▶ **ASSIGNMENT**: Could you output only the lines from the one containing "泥も汗も怖くない!汚れが目立たないキッズ夏服特集" through the last line of the data, both included?

[Short descriptive text snippets]
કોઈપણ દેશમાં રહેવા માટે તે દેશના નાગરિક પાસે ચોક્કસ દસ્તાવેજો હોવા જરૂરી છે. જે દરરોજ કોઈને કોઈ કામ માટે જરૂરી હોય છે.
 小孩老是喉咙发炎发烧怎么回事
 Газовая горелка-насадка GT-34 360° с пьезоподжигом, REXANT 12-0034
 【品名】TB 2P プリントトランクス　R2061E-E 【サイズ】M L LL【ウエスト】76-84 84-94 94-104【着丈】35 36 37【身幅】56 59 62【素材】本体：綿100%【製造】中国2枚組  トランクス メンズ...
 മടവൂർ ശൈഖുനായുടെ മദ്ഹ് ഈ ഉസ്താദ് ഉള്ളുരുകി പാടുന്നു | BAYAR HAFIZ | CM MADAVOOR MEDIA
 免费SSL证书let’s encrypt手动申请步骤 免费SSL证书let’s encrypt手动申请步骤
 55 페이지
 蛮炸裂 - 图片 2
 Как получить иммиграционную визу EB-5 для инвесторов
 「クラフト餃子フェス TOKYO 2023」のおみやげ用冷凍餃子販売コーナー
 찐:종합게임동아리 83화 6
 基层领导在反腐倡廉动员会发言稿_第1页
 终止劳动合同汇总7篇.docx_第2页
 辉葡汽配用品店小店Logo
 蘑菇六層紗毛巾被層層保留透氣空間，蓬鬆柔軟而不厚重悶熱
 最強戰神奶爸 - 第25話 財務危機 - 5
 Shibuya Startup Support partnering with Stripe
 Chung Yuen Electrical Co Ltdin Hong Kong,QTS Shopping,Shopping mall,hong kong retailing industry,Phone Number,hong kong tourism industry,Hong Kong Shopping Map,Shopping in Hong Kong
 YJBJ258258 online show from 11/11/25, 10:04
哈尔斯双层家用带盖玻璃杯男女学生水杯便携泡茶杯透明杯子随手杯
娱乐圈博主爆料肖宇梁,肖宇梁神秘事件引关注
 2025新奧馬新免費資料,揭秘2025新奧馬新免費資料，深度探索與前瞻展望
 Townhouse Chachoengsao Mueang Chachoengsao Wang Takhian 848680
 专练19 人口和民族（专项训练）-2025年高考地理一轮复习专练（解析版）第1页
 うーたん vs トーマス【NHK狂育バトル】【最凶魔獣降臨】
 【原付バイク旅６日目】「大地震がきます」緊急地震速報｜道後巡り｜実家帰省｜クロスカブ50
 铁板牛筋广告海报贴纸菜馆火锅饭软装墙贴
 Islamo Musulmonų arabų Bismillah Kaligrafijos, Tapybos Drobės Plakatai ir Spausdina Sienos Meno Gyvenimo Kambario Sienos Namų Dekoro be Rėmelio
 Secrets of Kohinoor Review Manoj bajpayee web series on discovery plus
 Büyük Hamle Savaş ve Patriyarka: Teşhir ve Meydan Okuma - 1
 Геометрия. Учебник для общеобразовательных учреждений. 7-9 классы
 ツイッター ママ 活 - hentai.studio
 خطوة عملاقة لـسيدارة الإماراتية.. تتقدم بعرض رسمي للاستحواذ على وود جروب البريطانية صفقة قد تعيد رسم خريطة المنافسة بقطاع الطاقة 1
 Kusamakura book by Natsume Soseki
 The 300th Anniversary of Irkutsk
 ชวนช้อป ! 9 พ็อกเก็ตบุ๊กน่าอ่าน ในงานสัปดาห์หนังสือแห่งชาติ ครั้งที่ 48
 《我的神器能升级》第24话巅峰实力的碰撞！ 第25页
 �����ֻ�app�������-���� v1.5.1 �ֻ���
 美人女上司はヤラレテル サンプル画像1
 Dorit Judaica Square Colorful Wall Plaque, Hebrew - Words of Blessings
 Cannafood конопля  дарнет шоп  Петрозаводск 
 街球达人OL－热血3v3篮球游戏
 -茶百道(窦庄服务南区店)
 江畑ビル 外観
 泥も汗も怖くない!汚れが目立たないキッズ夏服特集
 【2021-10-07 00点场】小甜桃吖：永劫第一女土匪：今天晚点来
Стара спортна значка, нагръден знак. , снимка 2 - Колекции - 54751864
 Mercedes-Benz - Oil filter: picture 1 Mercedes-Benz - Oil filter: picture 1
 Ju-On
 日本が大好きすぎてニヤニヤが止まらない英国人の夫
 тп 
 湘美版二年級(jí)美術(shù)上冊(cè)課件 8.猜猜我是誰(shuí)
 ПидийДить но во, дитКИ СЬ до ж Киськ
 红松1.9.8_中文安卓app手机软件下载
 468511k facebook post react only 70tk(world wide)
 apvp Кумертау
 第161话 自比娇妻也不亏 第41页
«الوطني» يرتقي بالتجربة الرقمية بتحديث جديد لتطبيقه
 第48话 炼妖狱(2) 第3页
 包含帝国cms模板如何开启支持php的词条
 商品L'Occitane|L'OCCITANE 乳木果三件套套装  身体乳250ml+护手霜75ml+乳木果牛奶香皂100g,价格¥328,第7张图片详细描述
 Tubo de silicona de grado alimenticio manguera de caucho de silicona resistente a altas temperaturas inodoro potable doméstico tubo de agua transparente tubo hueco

▶ **ANSWER SPACE**:
 泥も汗も怖くない!汚れが目立たないキッズ夏服特集
 【2021-10-07 00点场】小甜桃吖：永劫第一女土匪：今天晚点来
Стара спортна значка, нагръден знак. , снимка 2 - Колекции - 54751864
 Mercedes-Benz - Oil filter: picture 1 Mercedes-Benz - Oil filter: picture 1
 Ju-On
 日本が大好きすぎてニヤニヤが止まらない英国人の夫
 тп 
 湘美版二年級(jí)美術(shù)上冊(cè)課件 8.猜猜我是誰(shuí)
 ПидийДить но во, дитКИ СЬ до ж Киськ
 红松1.9.8_中文安卓app手机软件下载
 468511k facebook post react only 70tk(world wide)
 apvp Кумертау
 第161话 自比娇妻也不亏 第41页
«الوطني» يرتقي بالتجربة الرقمية بتحديث جديد لتطبيقه
 第48话 炼妖狱(2) 第3页
 包含帝国cms模板如何开启支持php的词条
 商品L'Occitane|L'OCCITANE 乳木果三件套套装  身体乳250ml+护手霜75ml+乳木果牛奶香皂100g,价格¥328,第7张图片详细描述
 Tubo de silicona de grado alimenticio manguera de caucho de silicona resistente a altas temperaturas inodoro potable doméstico tubo de agua transparente tubo hueco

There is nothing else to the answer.